Exercise brief → Write out only the lines from the line that holds "Vertical 808nm Diode" to the end of the listing below, inclusive, with the pictures omitted.
##### Information provided #####
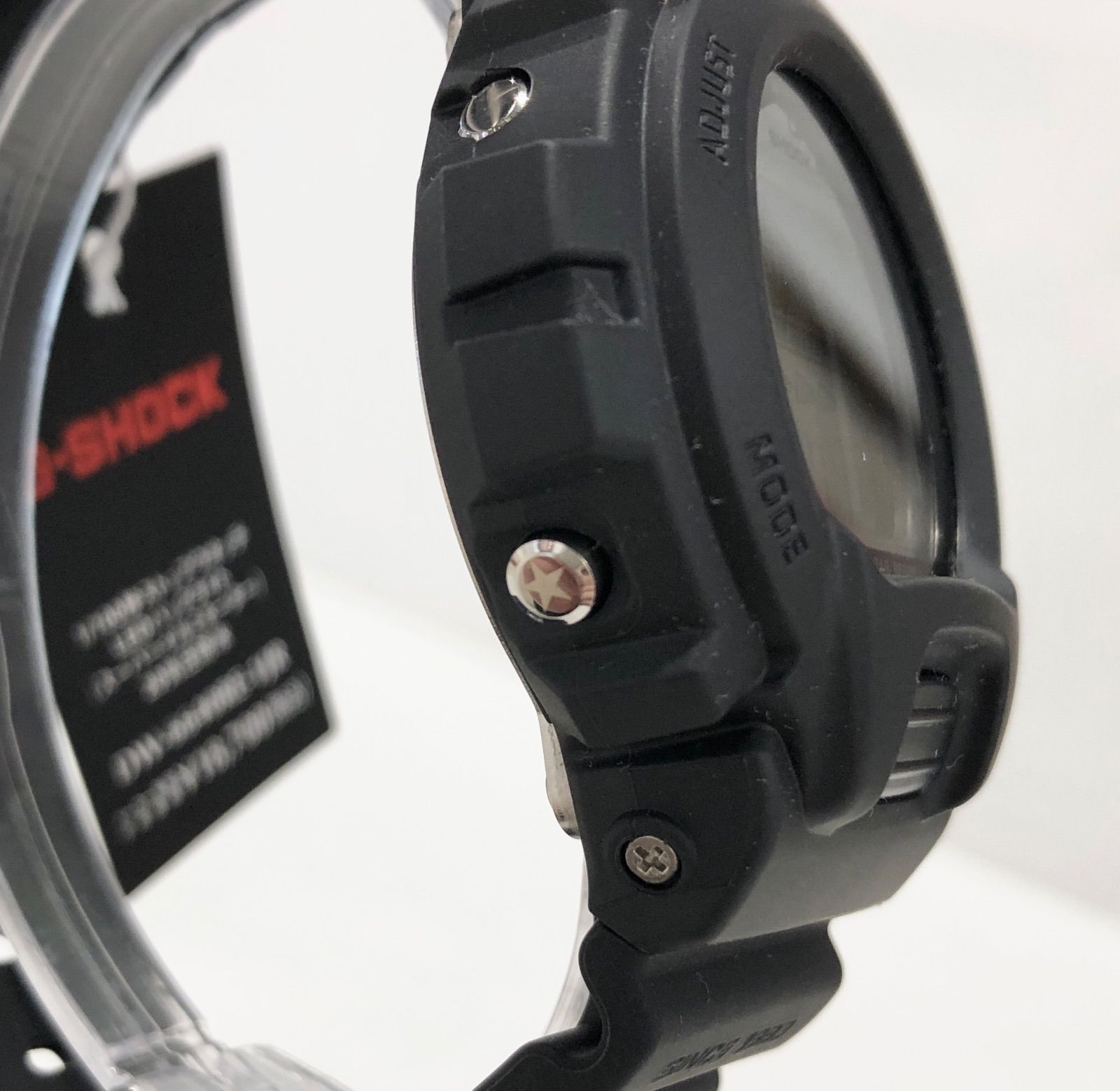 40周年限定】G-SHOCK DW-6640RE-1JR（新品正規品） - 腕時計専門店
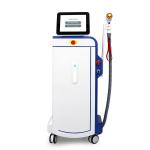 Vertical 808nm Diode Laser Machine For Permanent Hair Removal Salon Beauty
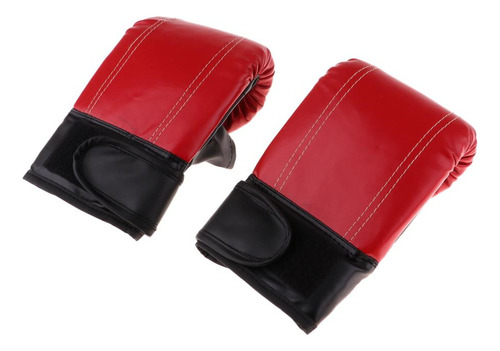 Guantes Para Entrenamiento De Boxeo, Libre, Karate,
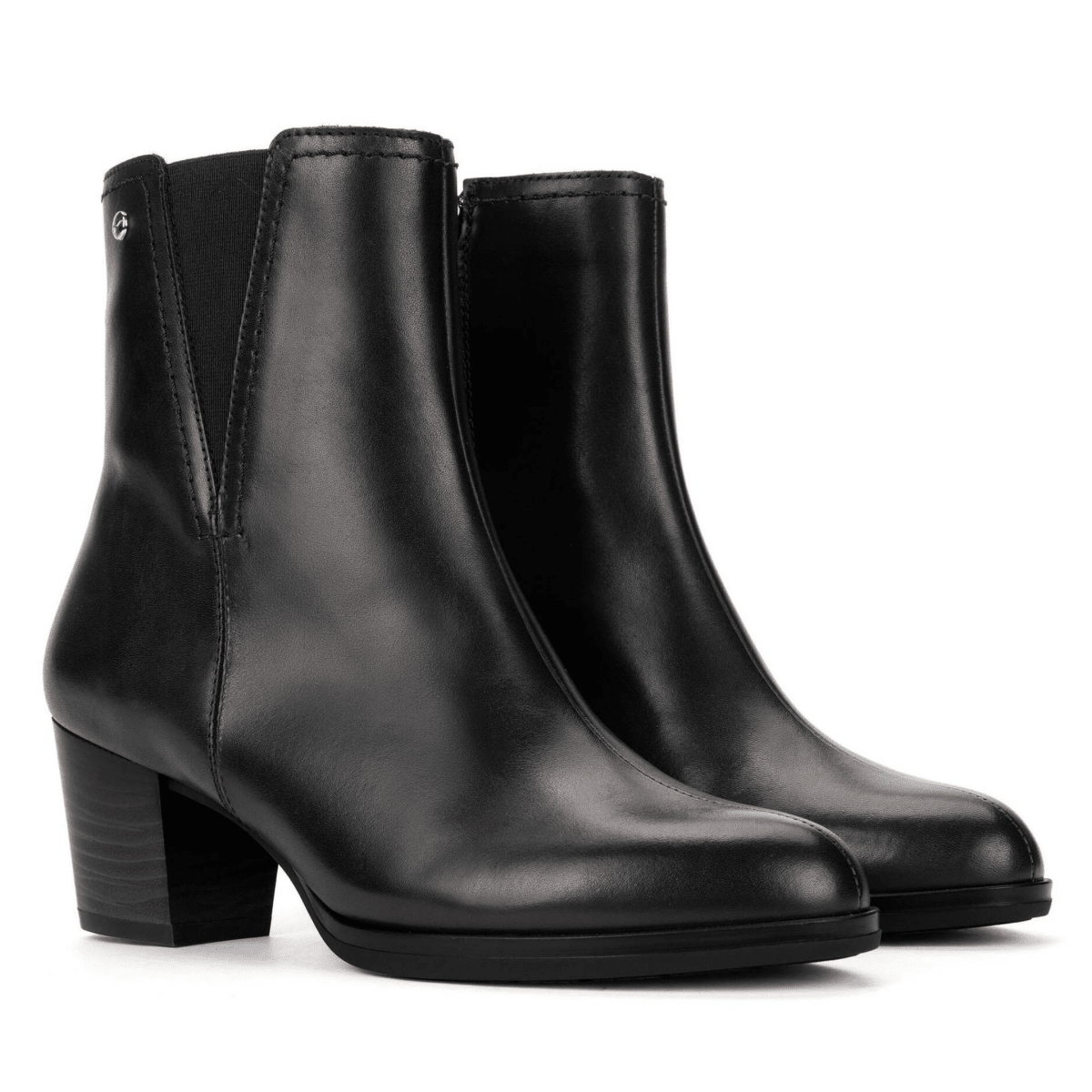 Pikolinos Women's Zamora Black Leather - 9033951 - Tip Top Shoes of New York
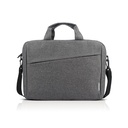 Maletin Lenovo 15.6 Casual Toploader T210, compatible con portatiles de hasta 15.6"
#####
Answer to this problem →
 Vertical 808nm Diode Laser Machine For Permanent Hair Removal Salon Beauty
 Guantes Para Entrenamiento De Boxeo, Libre, Karate,
 Pikolinos Women's Zamora Black Leather - 9033951 - Tip Top Shoes of New York
 Maletin Lenovo 15.6 Casual Toploader T210, compatible con portatiles de hasta 15.6"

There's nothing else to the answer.